On Wednesday night, the Trump administration was faced with another controversy when The Washington Post reported that Attorney General Jeff Sessions met with the Russian ambassador to the United States twice in 2016, according to Justice Department officials. Sessions, significantly, did not disclose his contact when he was under oath during his Senate confirmation hearing. Sessions denied the report in a statement, saying that he "never met with any Russian officials to discuss issues of the campaign." However, as The Washington Post noted, the report did not accuse Session of having discussed the campaign with the Russian ambassador, but rather, not disclosing the contact when he was sworn under oath.
This is the latest in a series of formal reports and leaks that allege that the Trump campaign and administration may have had contact with Russia. The CIA and FBI have confirmed, for example, that Russia used hacking in an attempt to bolster Trump's candidacy; recently, National Security Advisor Michael Flynn was forced to resign in the face of accusations that he spoke with Russia about President Obama's election-related sanctions before Trump even took office.
Wednesday's report about Sessions are all the more disturbing because he would theoretically lead any Department of Justice investigation into other alleged incidents of Russian interference with the election. Many Democrats and some Republicans, including House Oversight Committee Chairman Jason Chaffetz, have called for Sessions to recuse himself.
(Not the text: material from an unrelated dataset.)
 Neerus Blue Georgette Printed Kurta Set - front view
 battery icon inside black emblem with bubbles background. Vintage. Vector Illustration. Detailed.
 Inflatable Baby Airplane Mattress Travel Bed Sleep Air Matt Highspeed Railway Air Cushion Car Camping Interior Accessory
AG Sessions should clarify his testimony and recuse himself— Jason Chaffetz (@jasoninthehouse) March 2, 2017
We need a special prosecutor totally independent of the AG. We need a real, bipartisan, transparent Congressional investigation into Russia.— Elizabeth Warren (@SenWarren) March 2, 2017
However, other Republicans are unmoved. According to The Washington Post's Chris Cillizza, most congressional Republicans "were resistant to the idea of appointing a special prosecutor to investigate the contacts between Russia and Trump campaign officials and surrogates." And while House Majority Leader Kevin McCarthy initially said of Sessions Thursday morning on MSNBC's Morning Joe, "You recuse yourself in these situations," not long after hetold Fox & Friends that "I'm not calling on him to recuse himself ... it's amazing how people spin things so quickly."
This indifference on the part of some top GOP leaders to the harrowing implications of allegations of Russian ties must end immediately. I very much believe that it is not an exaggeration to say that the American people's faith in their government is at stake.
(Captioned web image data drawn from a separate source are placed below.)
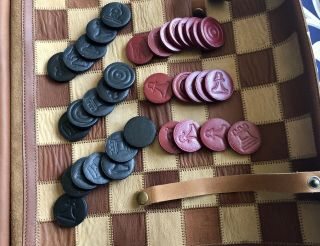 Vintage Roll Up Leather Chess / Checker Board With Piece Storage 13x13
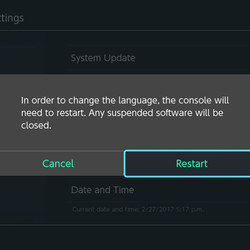 The system needs to restart for the new language to take hold. 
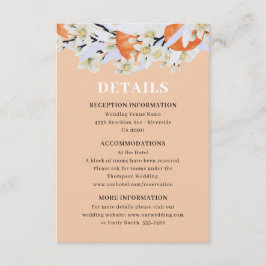 Tangerine Citrus Blooming Branches met grote Flora Informatiekaartje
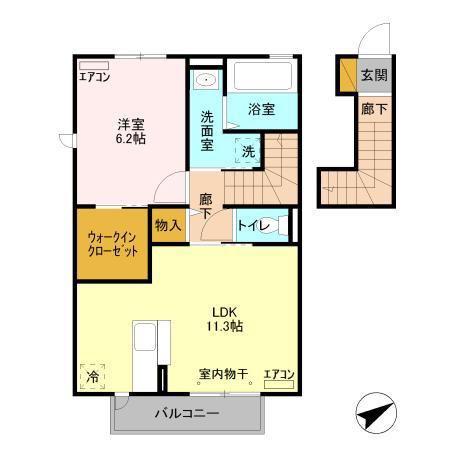 シルクガーデン(1LDK/2階)の間取り写真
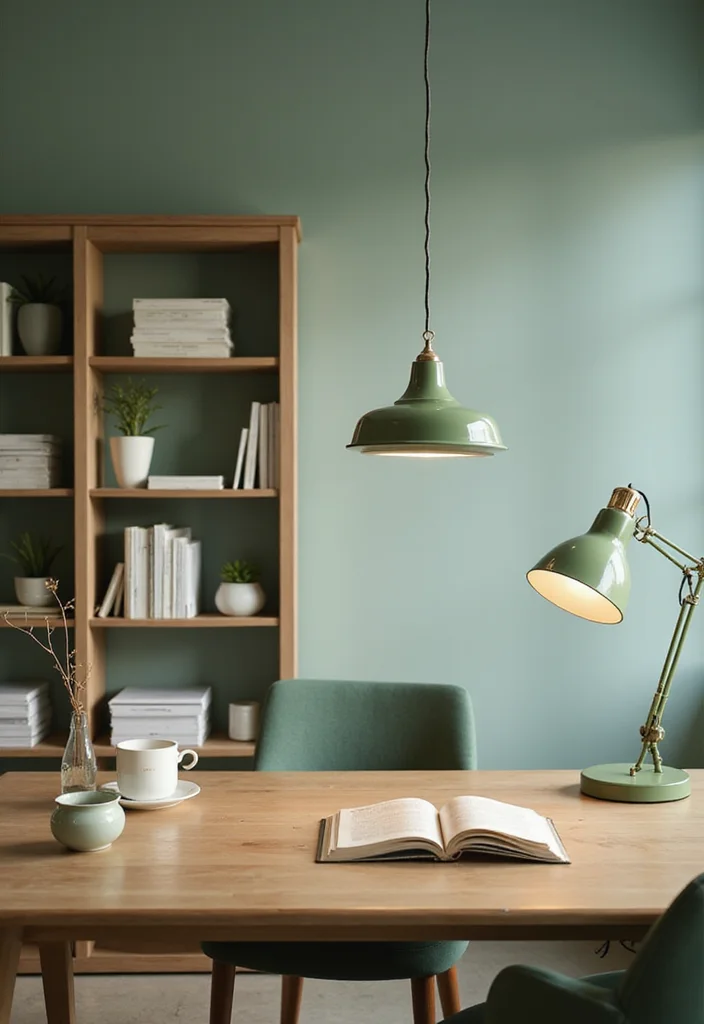 12 Sage Green Office Ideas for Soft Natural Calm - 10. Light Fixtures in Sage Green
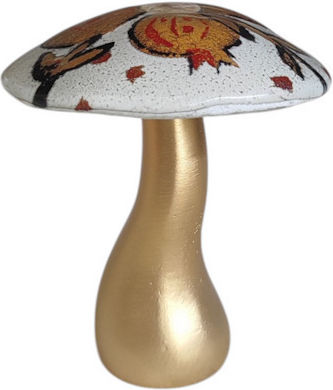 Glas Pilz Mit Metallischer Basis Weiß-Gold 10,5cm ''Kallisti''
There's plenty of evidence that Trump's victory was seen by the Kremlin as a "geopolitical win" as The Washington Post's Adam Entous and Greg Miller described it. The Daily Beast even reported that Russian officials toasted with champagne to celebrate the win. We also know that top U.S. intelligence agencies have analyzed and confirmed Russia attempted to interfere with the election, partially motivated by the goal to help Trump win.
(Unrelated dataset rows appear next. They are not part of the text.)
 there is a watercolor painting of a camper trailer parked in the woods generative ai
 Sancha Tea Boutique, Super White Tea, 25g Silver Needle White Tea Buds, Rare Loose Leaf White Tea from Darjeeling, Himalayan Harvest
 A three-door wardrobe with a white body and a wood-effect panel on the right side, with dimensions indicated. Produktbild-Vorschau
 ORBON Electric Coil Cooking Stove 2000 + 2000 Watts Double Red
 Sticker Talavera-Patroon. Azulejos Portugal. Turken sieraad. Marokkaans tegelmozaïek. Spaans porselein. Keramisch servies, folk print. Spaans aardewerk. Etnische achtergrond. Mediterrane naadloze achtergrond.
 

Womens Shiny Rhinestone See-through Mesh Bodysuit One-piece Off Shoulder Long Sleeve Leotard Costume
If there are accounts from our own intelligence agencies that another country is trying to interfere with our electoral system, the American people deserve a further investigation. I firmly this isn't a partisan issue — and yet, because Republicans have taken an insufficient stand on this issue, it is becoming one.
Ultimately, Republicans must join their Democratic colleagues in demanding a full, thorough, bipartisan investigation into all allegations of Trump campaign and administration contacts with Russia. Leaving this gravely serious matter un-investigated would be hugely detrimental to the integrity of American democracy.